Plus ta grossesse avançait, moins tu y faisais attention. Avec la hâte et l’entrain de bébé qui s’en venait, t’as pas fait exprès, mais t’as commencé à t’oublier en mettant tout ce que tu pouvais de l’avant pour le bien-être de ton petit bonheur qui allait bientôt se pointer le bout du nez.
Ton corps n’était plus le tien mais l’endroit où ton chaton se développait. Tu le savais que les hormones faisaient bien à leur tête et se foutaient de ta prise de poids. Tant pis, tu t’efforçais de lâcher prise comme t’allais devoir continuer de le faire pour le restant de ta vie sur ben des affaires.
Mais là, bébé est grand. Bébé n’est plus seul, il a des frères, des sœurs. Tu le sais que la bénédiction du Seigneur pour te donner des enfants est over parce que les tuyaux sont coupés, pis les hormones s’en vont ailleurs parce qu’il n’y plus de dommages à faire sur toi comme le chantier est déjà pas mal magané.

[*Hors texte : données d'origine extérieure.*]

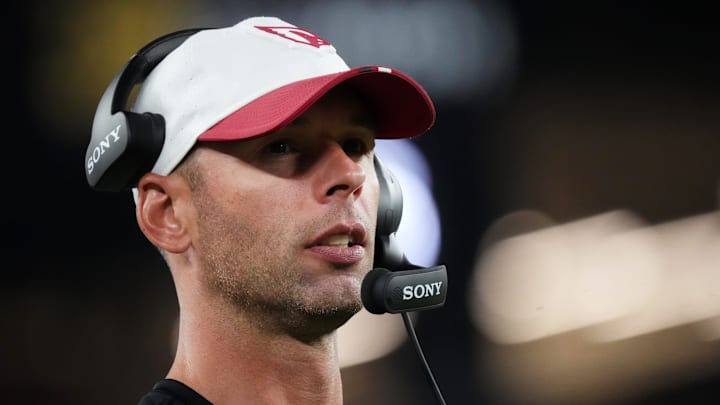 Arizona Cardinals head coach Jonathan Gannon watches from the sidelines as they play against the Las Vegas Raiders at State Farm Stadium in Glendale, on Aug. 23, 2025. Arizona Cardinals head coach Jonathan Gannon watches from the sidelines as they play against the Las Vegas Raiders at State Farm Stadium in Glendale, on Aug. 23, 2025.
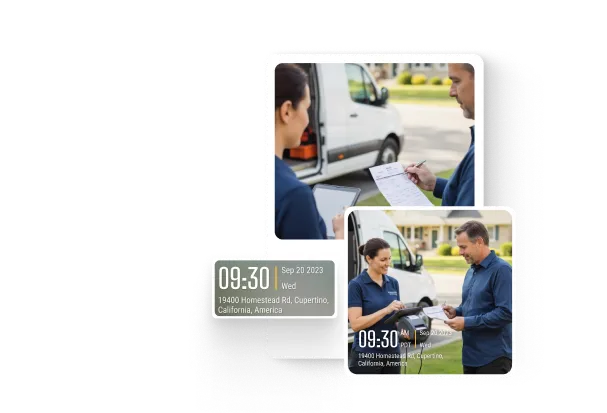 Photos of delivery interactions with timestamp (09:30, Sep 20 2023, Wed, 19400 Homestead Rd, Cupertino, California, America).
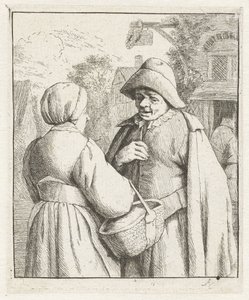 Woman and Man in Conversation by Adriaen van Ostade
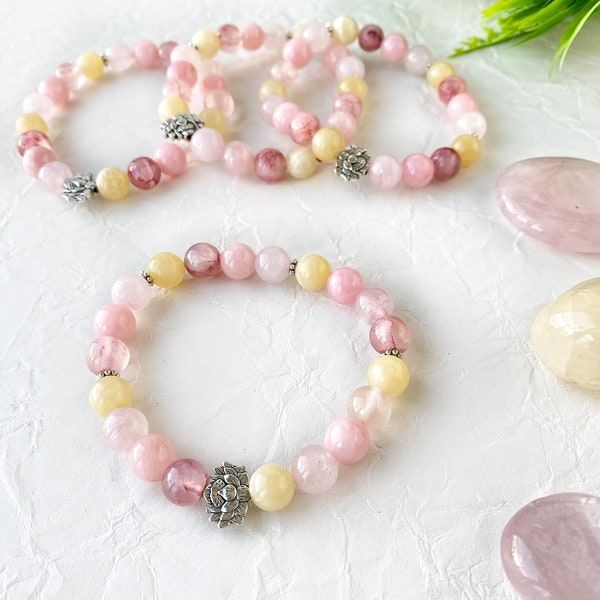 pastel colors gemstones elastic bracelet; pink sweet crystals bangle for meditation; chakra healing crystals bracelet; yoga gifts for her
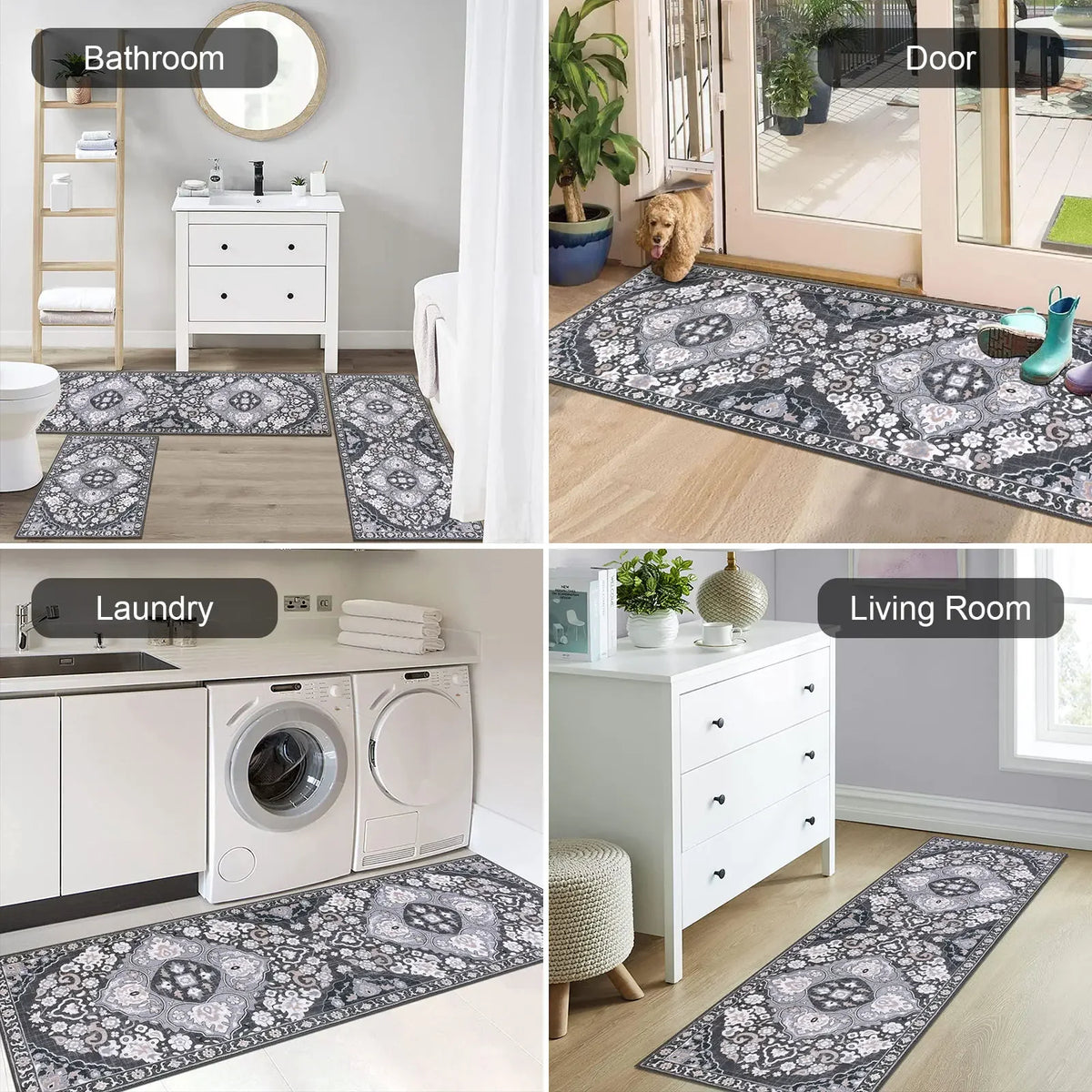 A collection of bohemian non-slip kitchen rugs in various patterns displayed in a bathroom, laundry room, and living room.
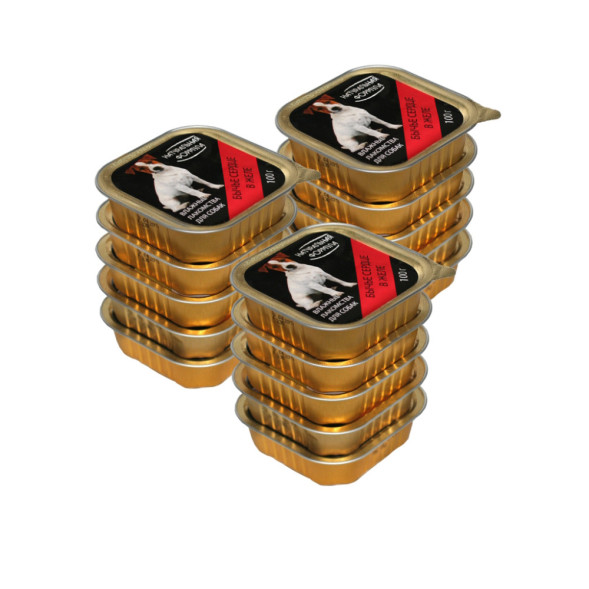 Натуральная формула влажный корм для собак бычье сердце в желе, в ламистерах - 100 г х 15 шт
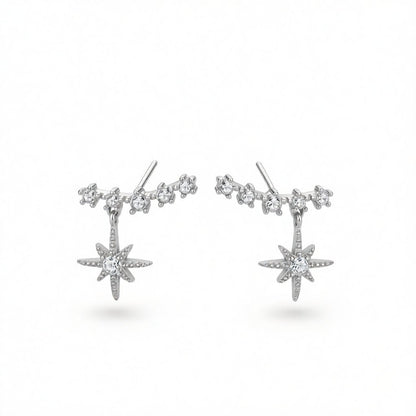 Cubic Zirconia and Silver-Plated Star Ear Climber, silver drop earrings for women, botanical inspired, side view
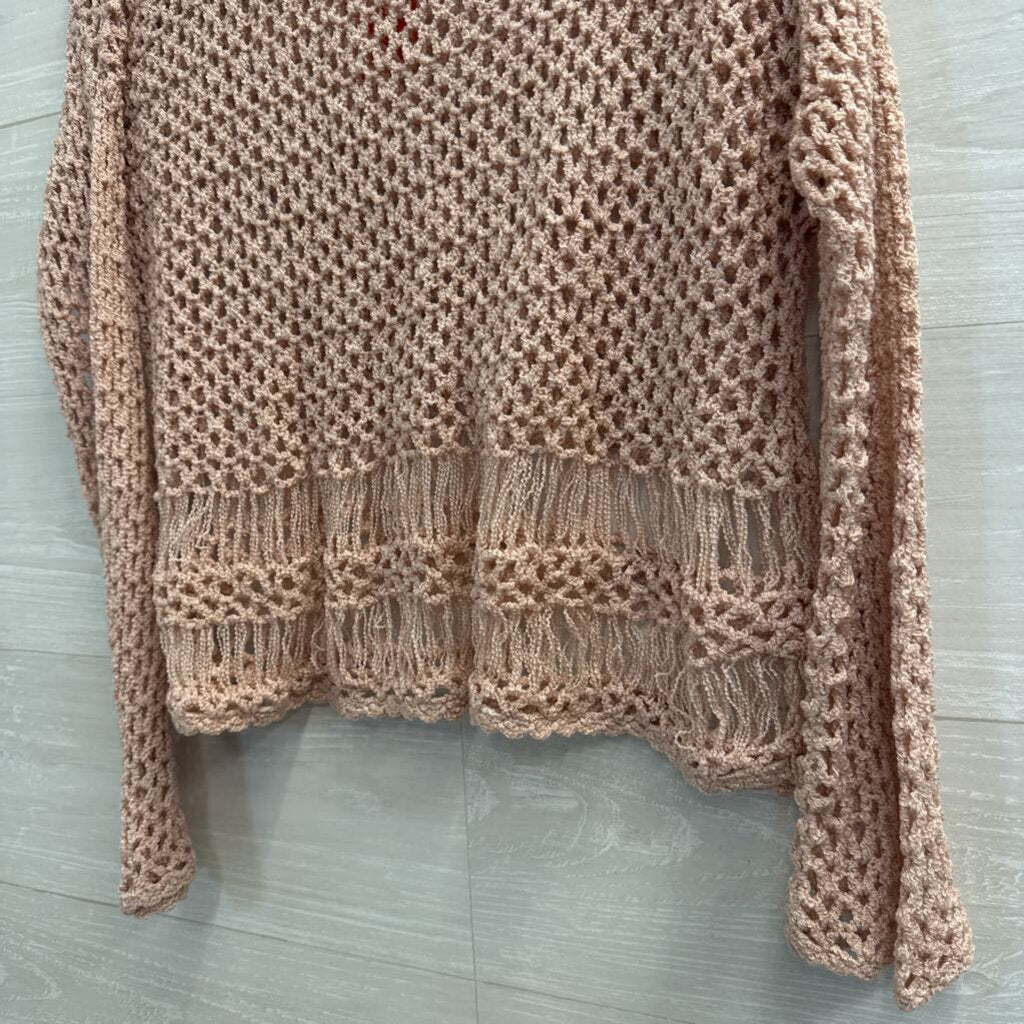 POL Pink Open Knit Cropped Long Sleeve Top Small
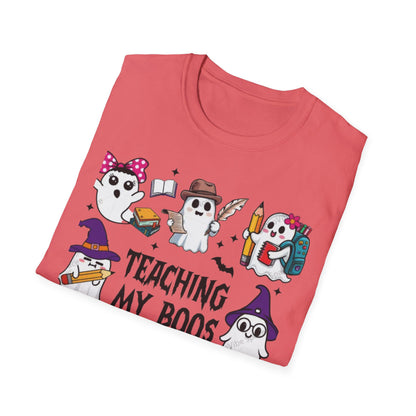 Halloween Teacher T-Shirt, Teaching My Boos, Unisex Softstyle Tee, Cute Ghost Design, Fall Celebration Apparel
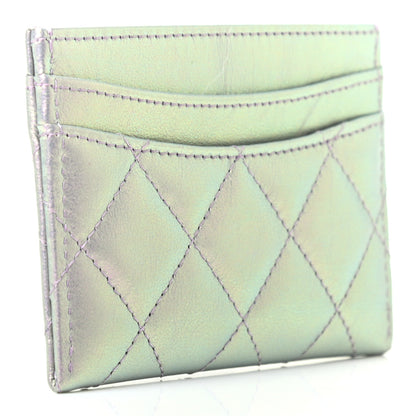 Chanel Iridescent Calfskin Quilted Card Holder Light Purple 3 of 8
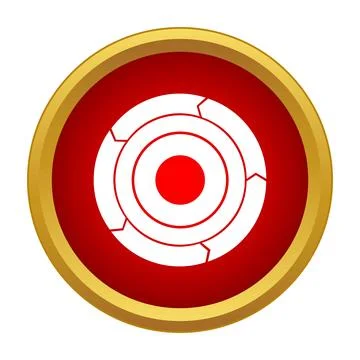 Circular process target icon with arrows and red center Illustrazione stock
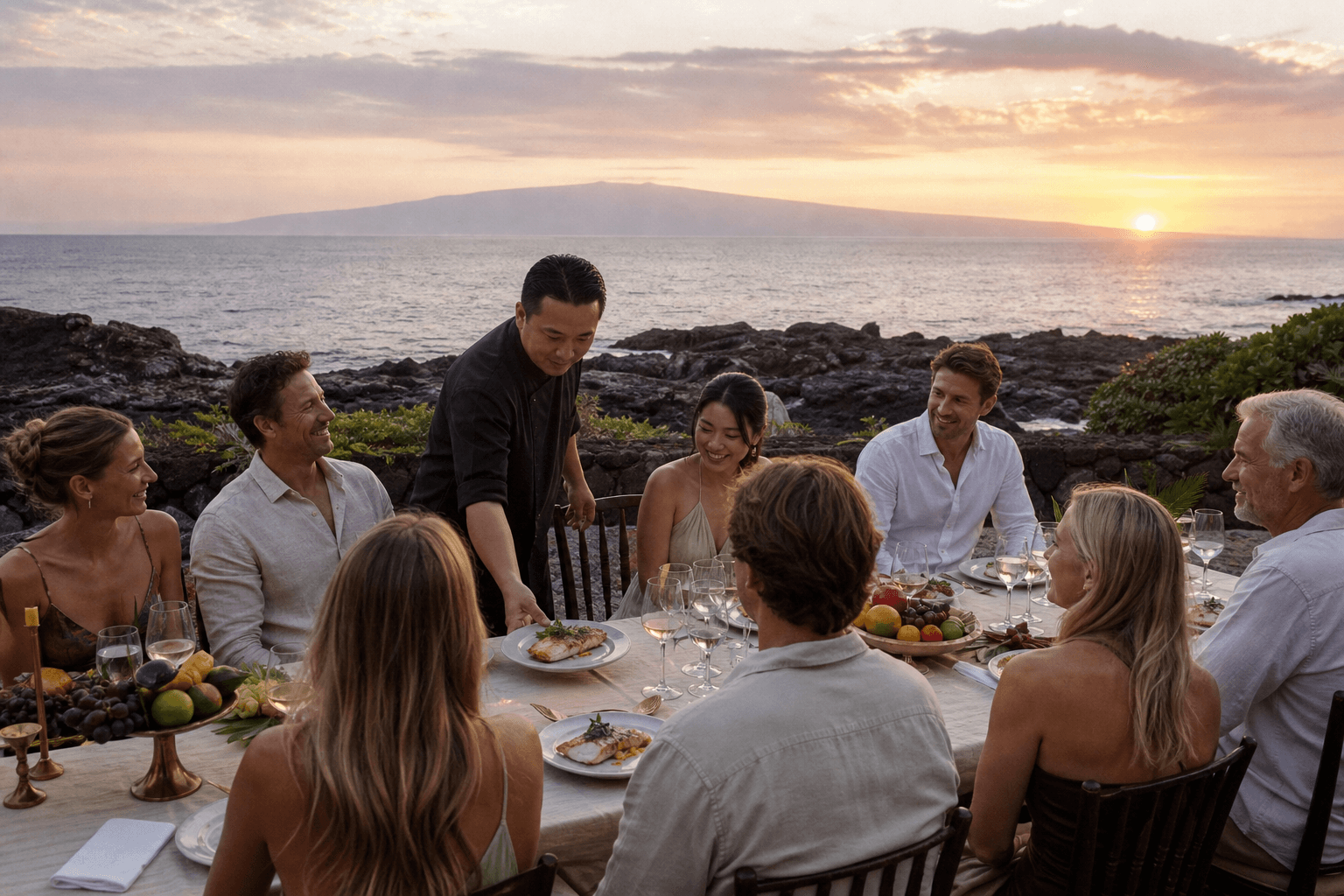 Kohala wedding-week table on a lava-coast terrace at sunset, Mauna Loa on the horizon.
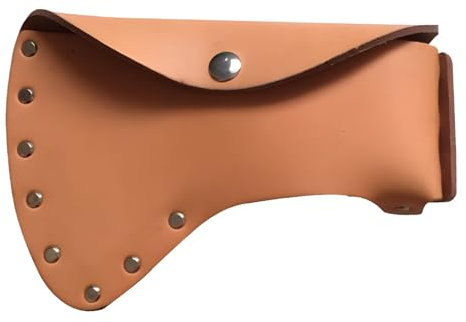 7.9 X 5.5 Inch Cowhide Leather Sheath, Hatchet Head Cover with Rivets and Button Closure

Ça fait des mois qu’en sortant de la douche, tu évites le miroir comme la peste. Tu parviens à te regarder de face seulement une fois que t’as ta serviette sur le dos ou que t’es habillée. Pis encore, pas tout le temps. Ça dépend comment tu feel. Y’a des jours où tu te sens pas pire, mais quand tu vois une fille un petit peu plus mince que toi, tu retournes aux catacombes intérieures. Celles qui font que tu te sens presque toujours comme une sous-marde. Tu le sais qu’on est toujours plus critique envers soi-même, mais t’es pas capable de t’enlever ça de l’esprit. Tu ne t’aimes plus.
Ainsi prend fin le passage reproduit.